We have much to answer for. Why would we ever want to “raise up on high” monuments to those who committed crimes against humanity... North, South, East or West?

Lloyd E. Elling

Ocean View

Layton moving ahead with new project

Editor:

According to my research. Lower Sussex Little League was incorporated as a non-profit organization in 1966. If, my dates are wrong, please, accept my apology.

In the beginning, the teams were sponsored by the Selbyville Elks, The Fenwick Island Lions Club, The John M. Clayton Lions Club and The Lord Baltimore Lions Club, and there might be more, but I can not find anything else in the past minutes that I found.

They played their games mostly at the high schools at that time: Selbyville, John M. Clayton and Lord Baltimore High Schools.

Lower Sussex Little League started to grow so much, they were to able to move to a central location at the Pyle Center with three fields.

Our (Arlene and I) children started playing at the Pyle Center in 1985 and we were able to start serving on the Lower Sussex Little League Board in 1987. I was elected President in 1989. In 1990, we able to sign a 99-year lease for a new section (approximately 14 acres).

When softball was introduced, the number of children grew dramatically (averaging 700 children a year) so the building of new fields were needed. Many people volunteered their time to build a first class facility.

I want to thank the many volunteers (managers, coaches, umpires, concession stand workers) and the people who donated money to build this facility. We have a facility that has no debt.

In 2004, we were lucky enough to land The Senior Girls Softball World Series (Ages 14 to 16) and, in 2013, we landed a second World Series, which was the Big League Girls (ages 16 to 18). These girls come from around the world and they get to see the United States and make new friends.

Who would have thought that our complex would be seen on ESPN? Some of the best softball is played in Sussex County, because some of our local teams have won the World Series.

I have been on the Board of Directors for 30 years and I have served as president for 21 years, but I am looking for a new challenge.

I am also serving on the Pyle Center board, and I have received permission to explore the idea of building a YMCA or a community center.

The Pyle Center has two other parcels on which we can build. We have a partial board of directors in place. If you would like to volunteer, please, let me know. You can reach me at brucelayton@verizon.net.

Again, it has been a pleasure to serve on the Lower Sussex Little League Board of Directors, but it is time to see if we can build another facility.

Bruce Layton

Ocean View

Reader asks: Equal justice ... or not

Editor:

Cash bail is the dirty secret of America’s justice system.

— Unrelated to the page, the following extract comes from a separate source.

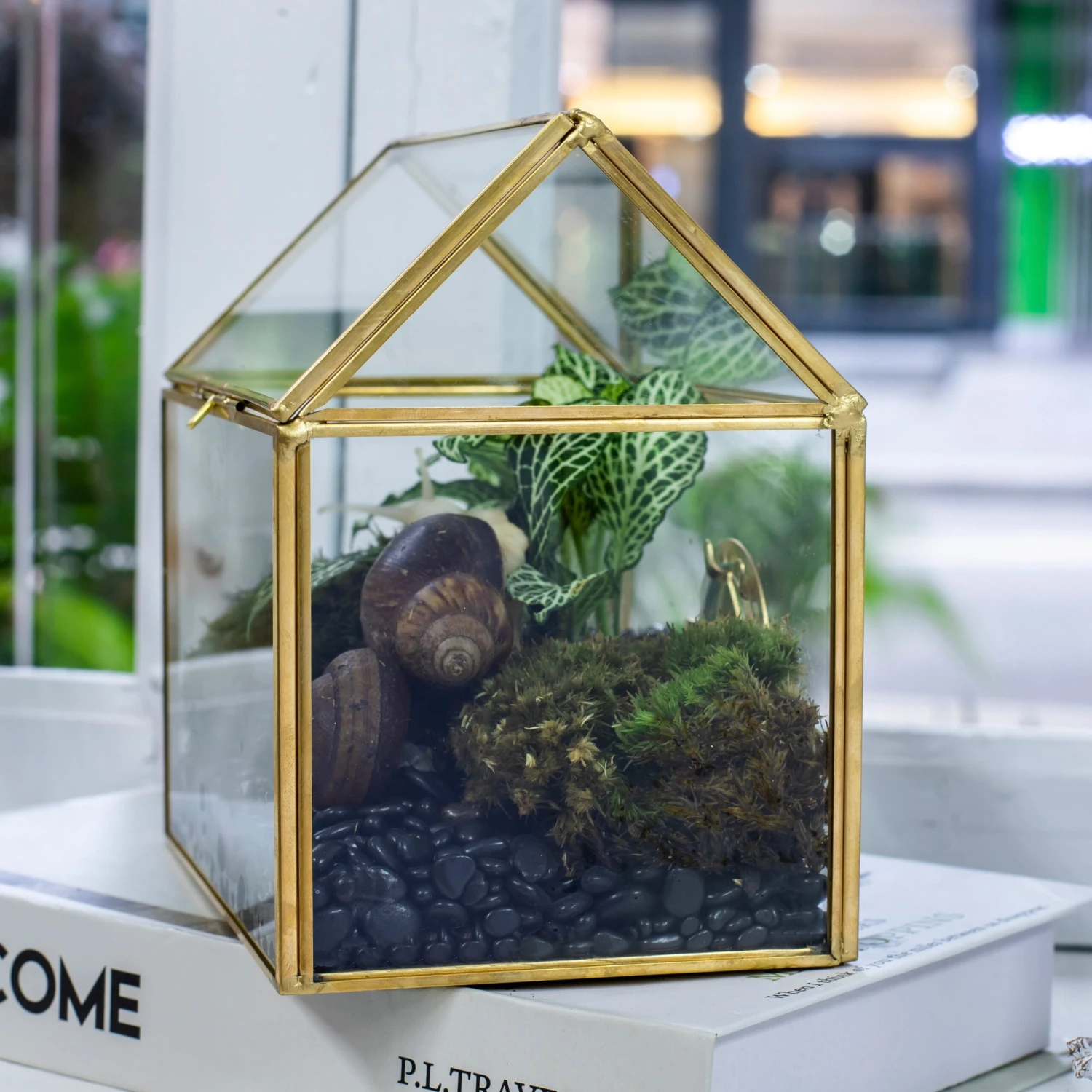 Handmade NCYP Geometric Glass Gold Terrarium Box House Shape, Close, Tabletop, Swing Lid For Air Plants Moss Snail Reptile Habitat 9 Handmade NCYP Geometric Glass Gold Terrarium Box House Shape, Close, Tabletop, Swing Lid For Air Plants Moss Snail Reptile Habitat - Image 7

Being poor should not mean more jail time, however, if you don’t have resources that is where you’ll be.

Municipalities across the country jail more people for not being able to post bond than given a speedy trial. Hence the growing prison population and the mass incarceration that exists today. And, I might add, that the for-profit prison industry has grown proportionately. We have in this administration individuals willing to roll back regulations that are both harsh and punitive. These statutes unfairly impact poor people and people of color. When I look at the scale of justice, I see a blindfolded woman who doesn’t see you. But in actuallity, a double standard exists that being poor, black and innocent results in more jail time than a white person of means who is guilty!.

As the struggle for the promise of America continues we are confronted by the pathological lying and bigotry by our current president.